“And each step is thick and rough as if it were hand-hewn with an axe. But who would hew planks by hand in this day of steam and great sawmills?”

“Let’s go up. We may be able to see something from the windows.”

Cautiously, on hands and knees, they made their way up the narrow stairway. The platform they reached and the window they looked through a moment later were quite as mysterious as the stairway. Everywhere was the mark of an axe. The window was narrow, a mere slit not over nine inches wide and quite devoid of glass.

Yet from this window they were to witness one of God’s greatest wonders, a storm at night upon the water.

The dark clouds had swung northward. They were now above the surface of the lake. Blackness vied with blackness as clouds loomed above the water. Like a great electric needle sewing together two curtains of purple velvet for a giant’s wardrobe, lightning darted from sky to sea and from sea to sky again.

“How—how marvelous!
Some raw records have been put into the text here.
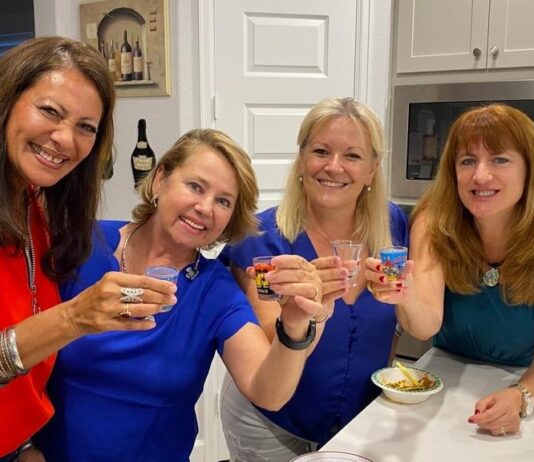 Cachaça Tasting – Evento em Houston, Texas, 2023.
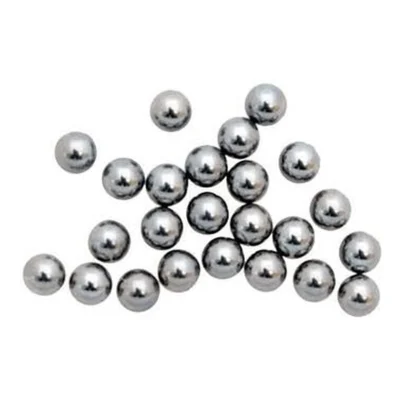 Simson Kogels 1/4" (24 stuks)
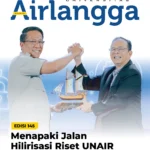 Majalah Warta Airlangga Edisi 145 Tahun 2026
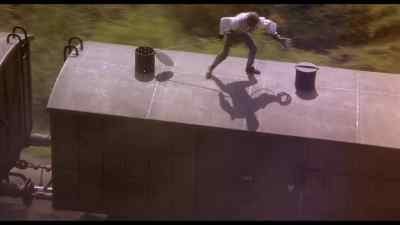 - What's going on?
- Take the rope. - The First Great Train Robbery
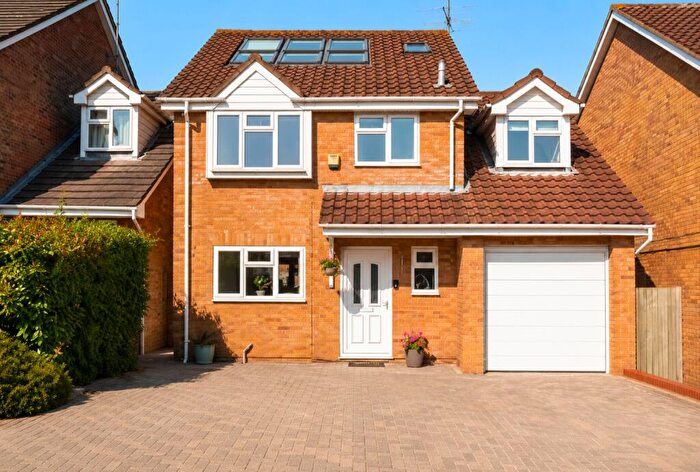 5 Bedroom House To Rent In Rainworth Close, Lower Earley, Reading, Berkshire, RG6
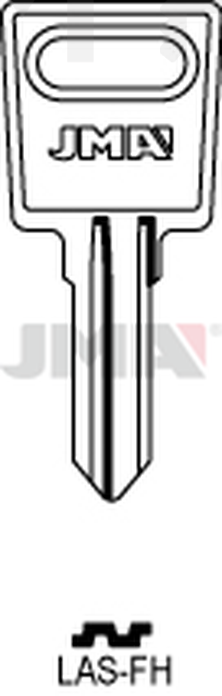 JMA LAS-FH (Silca LS13 / Errebi LAS9N)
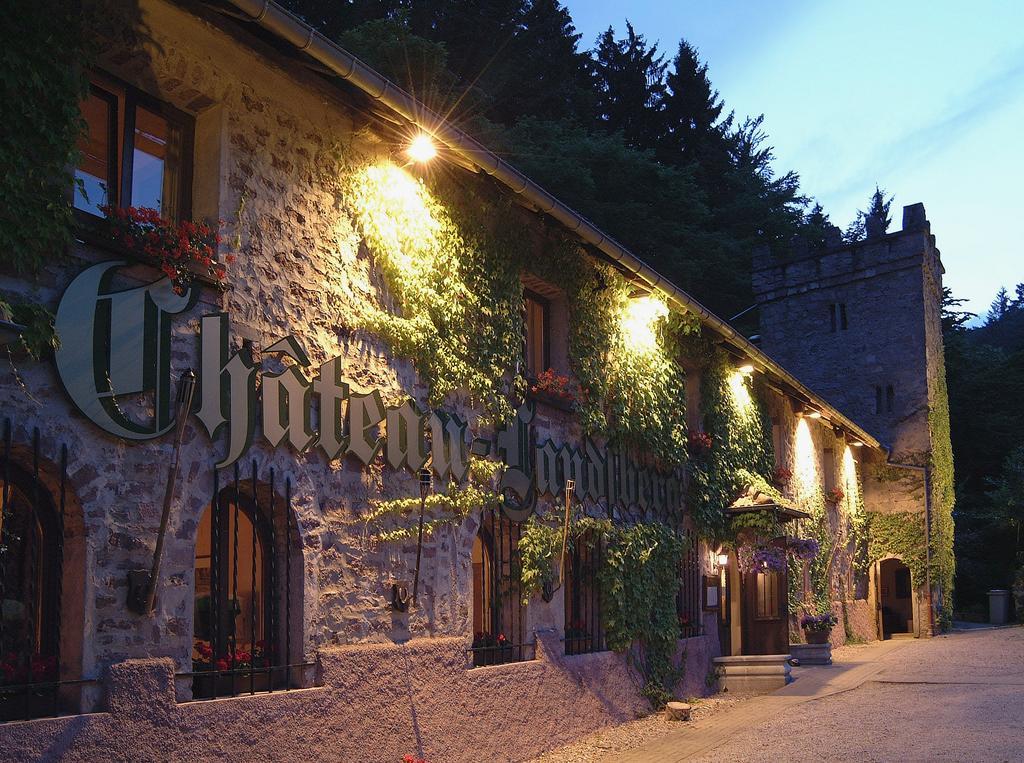 Le Chateau Du Landsberg Barr Kültér fotó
How terrible!” Petite Jeanne pressed her companion’s arm hard.

“And what a place of mystery!” Florence answered back.

“But what place is this?” Jeanne’s voice was filled with awe. “And where are we?”

“This,” Florence repeated, “is a place of mystery, and this is a night of adventure.

“Adventure and mystery,” she thought to herself, even as she said the words. Once more she thought of the cameo.